EVLİLİK SORUMLULUK GEREKTİREN BİR AKİDDİR
Prof. Dr. Mustafa Uzunpostalcı
Evlilik, evlenmek isteyen bir erkekle bir kadın arasında yapılan bir nikâhla gerçekleşir. Nikâh ise evlenmek isteyenlerin karşılıklı olarak birbirlerine verdikleri bir sözle gerçekleşir.
Böylece nikâh, o zamana kadar iki ayrı dünyada yaşayan kimselerin ortak bir dünya kurmaya karar vermeleri demektir.
Burada verilen söz ise birinin yani erkeğin kuracakları yuvada kadının kocası olmayı, kadının da kocanın karısı olmayı kabul etmeleri anlamına geldiği gibi, ayrıca karşılıklı buna söz vererek kendilerine yüklenen sorumluluğu yerine getirmeyi de üstlenmeleri anlamına gelir.
Burada dikkatimizi şu hususa yönlendirmeliyiz: Aile bir kurum olduğuna ve nikâhla bunun da gerçekleşmiş bulunması sebebiyle kurum içinde yapılacak işlerde bir iş bölümünün olması da gereklidir.
İşte bu noktada bu kurumun sağlıklı bir şekilde yürütülmesi gereği akla gelir. İslâm da bunu değerlendirmiş ve erkeğe aile içinde evin reisi (babası) olma görevi vermiş ve bu konuda ona sorumluluk yüklemiştir.
Bunun anlamı kocanın evde despotluk yapması değil, karşılıklı görüşlere de dikkat ederek evlilik bağına da zarar vermeden aile kurumunun devamını sağlamak ve sağlıklı bir şekilde, yuvayı tehlikelerden uzak bir konumda korumaktır.
Koca genel olarak evin ihtiyacını ve geçimini temin edebilmek için dışarıda çalışarak evin maişetini temin etmeye çalışırken, hanım da evin ihtiyaçlarını göz önünde bulundurarak her şeyi yerli yerinde değerlendirmek gibi bir sorumluluğu üstlenmiş bulunmaktadır.
Şunu rahatlıkla söyleyebiliriz: Sorumluluk gereken bu işleri yürütmeye çalışan evin erkeği ve kadını aynı zamanda bir takım fedakârlıkla da karşı karşıya kalabilirler.
Buna göre ailenin işlerini üstlenen bu kişiler hem sorumluluk bilincinde olmalı ve hem de yeri gelince her türlü fedakârlıkta bulunmayı peşinen kabul etmelidirler.
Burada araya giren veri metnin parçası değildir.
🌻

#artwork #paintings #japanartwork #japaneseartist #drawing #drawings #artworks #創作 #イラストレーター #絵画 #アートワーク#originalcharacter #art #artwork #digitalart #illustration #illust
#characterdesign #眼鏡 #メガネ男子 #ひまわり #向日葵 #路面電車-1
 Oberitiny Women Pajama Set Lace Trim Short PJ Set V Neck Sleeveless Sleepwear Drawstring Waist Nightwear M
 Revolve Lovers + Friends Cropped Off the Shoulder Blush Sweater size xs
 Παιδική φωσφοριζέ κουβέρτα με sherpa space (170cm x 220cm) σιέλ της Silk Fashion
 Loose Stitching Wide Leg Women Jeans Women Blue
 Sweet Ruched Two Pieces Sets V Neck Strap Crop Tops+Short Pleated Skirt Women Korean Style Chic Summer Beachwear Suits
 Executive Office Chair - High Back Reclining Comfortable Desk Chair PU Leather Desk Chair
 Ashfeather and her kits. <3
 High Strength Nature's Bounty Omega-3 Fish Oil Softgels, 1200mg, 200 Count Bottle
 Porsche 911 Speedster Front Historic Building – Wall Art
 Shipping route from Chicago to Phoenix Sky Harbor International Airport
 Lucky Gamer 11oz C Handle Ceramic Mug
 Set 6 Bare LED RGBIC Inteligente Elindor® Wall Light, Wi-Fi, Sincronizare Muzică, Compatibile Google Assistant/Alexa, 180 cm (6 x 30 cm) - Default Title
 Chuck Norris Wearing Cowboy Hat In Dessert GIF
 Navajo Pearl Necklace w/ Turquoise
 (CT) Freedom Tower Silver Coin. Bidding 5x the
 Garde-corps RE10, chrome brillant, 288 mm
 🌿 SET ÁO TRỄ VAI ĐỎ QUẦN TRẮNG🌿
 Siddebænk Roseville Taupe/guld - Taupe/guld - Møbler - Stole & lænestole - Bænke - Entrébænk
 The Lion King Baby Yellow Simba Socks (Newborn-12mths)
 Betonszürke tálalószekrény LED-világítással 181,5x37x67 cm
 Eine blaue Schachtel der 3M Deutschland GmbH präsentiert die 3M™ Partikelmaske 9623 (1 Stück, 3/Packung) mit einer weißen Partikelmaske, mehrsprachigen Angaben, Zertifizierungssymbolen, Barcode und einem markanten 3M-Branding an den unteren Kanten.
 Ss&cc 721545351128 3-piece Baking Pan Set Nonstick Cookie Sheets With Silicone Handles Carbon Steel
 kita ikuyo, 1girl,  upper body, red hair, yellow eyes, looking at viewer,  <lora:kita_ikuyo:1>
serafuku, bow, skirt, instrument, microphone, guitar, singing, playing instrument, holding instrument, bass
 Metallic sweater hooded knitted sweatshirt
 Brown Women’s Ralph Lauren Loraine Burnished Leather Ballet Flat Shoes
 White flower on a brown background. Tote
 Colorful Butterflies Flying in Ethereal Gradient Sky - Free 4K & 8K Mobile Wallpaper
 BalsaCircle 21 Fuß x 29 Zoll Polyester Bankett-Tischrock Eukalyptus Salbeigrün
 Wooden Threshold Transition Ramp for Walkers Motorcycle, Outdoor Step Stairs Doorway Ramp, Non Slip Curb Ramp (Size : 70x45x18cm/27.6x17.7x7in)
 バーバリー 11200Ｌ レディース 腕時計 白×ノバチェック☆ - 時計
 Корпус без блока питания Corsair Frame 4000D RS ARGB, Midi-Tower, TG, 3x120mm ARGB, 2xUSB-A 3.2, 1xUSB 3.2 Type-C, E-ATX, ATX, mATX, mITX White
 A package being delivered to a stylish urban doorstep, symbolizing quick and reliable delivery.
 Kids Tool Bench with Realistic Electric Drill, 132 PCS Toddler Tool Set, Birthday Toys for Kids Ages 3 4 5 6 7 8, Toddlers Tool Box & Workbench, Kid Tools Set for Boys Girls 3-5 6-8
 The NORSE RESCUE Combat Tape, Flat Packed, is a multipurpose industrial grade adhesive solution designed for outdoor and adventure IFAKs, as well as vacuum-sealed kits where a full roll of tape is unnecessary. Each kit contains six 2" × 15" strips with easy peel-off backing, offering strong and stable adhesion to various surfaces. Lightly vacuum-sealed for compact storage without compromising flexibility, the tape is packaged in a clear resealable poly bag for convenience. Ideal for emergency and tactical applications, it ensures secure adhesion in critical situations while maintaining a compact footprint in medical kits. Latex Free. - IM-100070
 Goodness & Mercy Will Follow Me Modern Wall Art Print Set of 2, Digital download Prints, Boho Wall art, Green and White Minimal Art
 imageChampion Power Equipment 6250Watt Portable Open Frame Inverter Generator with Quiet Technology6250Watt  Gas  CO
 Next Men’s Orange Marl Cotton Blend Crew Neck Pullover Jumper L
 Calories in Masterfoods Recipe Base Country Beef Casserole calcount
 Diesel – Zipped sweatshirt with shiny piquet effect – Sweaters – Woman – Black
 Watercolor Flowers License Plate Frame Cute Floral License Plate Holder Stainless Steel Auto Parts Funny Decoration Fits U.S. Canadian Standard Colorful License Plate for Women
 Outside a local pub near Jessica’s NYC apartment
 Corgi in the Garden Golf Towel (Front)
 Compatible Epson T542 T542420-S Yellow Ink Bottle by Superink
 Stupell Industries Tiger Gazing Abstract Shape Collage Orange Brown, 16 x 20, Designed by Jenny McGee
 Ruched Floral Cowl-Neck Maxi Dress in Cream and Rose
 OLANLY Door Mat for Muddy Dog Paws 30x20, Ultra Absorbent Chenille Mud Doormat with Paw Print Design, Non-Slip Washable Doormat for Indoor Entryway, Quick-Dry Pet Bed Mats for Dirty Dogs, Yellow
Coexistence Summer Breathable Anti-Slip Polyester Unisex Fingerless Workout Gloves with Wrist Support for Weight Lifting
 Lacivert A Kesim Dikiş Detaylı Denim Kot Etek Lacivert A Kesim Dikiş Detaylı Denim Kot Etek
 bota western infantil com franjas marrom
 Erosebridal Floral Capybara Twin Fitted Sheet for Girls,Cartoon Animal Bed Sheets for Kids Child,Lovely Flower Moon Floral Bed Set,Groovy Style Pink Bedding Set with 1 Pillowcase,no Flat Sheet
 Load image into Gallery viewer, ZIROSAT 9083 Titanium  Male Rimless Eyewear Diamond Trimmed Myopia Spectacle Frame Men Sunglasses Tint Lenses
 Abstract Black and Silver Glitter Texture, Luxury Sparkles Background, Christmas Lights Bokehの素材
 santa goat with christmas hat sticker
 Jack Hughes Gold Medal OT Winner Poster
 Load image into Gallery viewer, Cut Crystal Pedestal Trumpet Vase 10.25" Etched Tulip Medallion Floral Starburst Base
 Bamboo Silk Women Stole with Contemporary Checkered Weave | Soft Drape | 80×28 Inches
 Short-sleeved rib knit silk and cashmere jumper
Aksi halde aile kurumunun sağlıklı yürümesi imkânsızlaşır.
Şüphesiz aile hayatının devamı sadece tek taraflı fedakârlıkla sağlanamaz. Bu sebeple karı kocasının, koca da karısının bazı şeylerini hoş görmelidir. Hatta yerine göre koca ev işlerinde karısına yardım bile yapmalıdır. Nitekim Hz. Peygamber (as.) kendi eşlerinden ihtiyaç duyanlarına ev işlerinde yardım etmiştir. Günün ekseriyetini evde geçirmeye mecbur kalan bir kadının bazı sıkıntılarını atabilmesi kocasından göreceği yakınlığa bağlı olabilir. Bu sebeple de bu gibi hususlar göz ardı edilmemelidir.
Ayrıca koca karısını kötülememeli, onu dövmemeli, hakkında suizanda bulunmamalı ve onun sırlarını başkalarına söylememelidir. Tabii aynı husus karı için de geçerlidir.
Birbirlerinin sırlarını ifşa eden kimseler değil, birbirlerinin sırdaşı olan kimseler olmalıdırlar.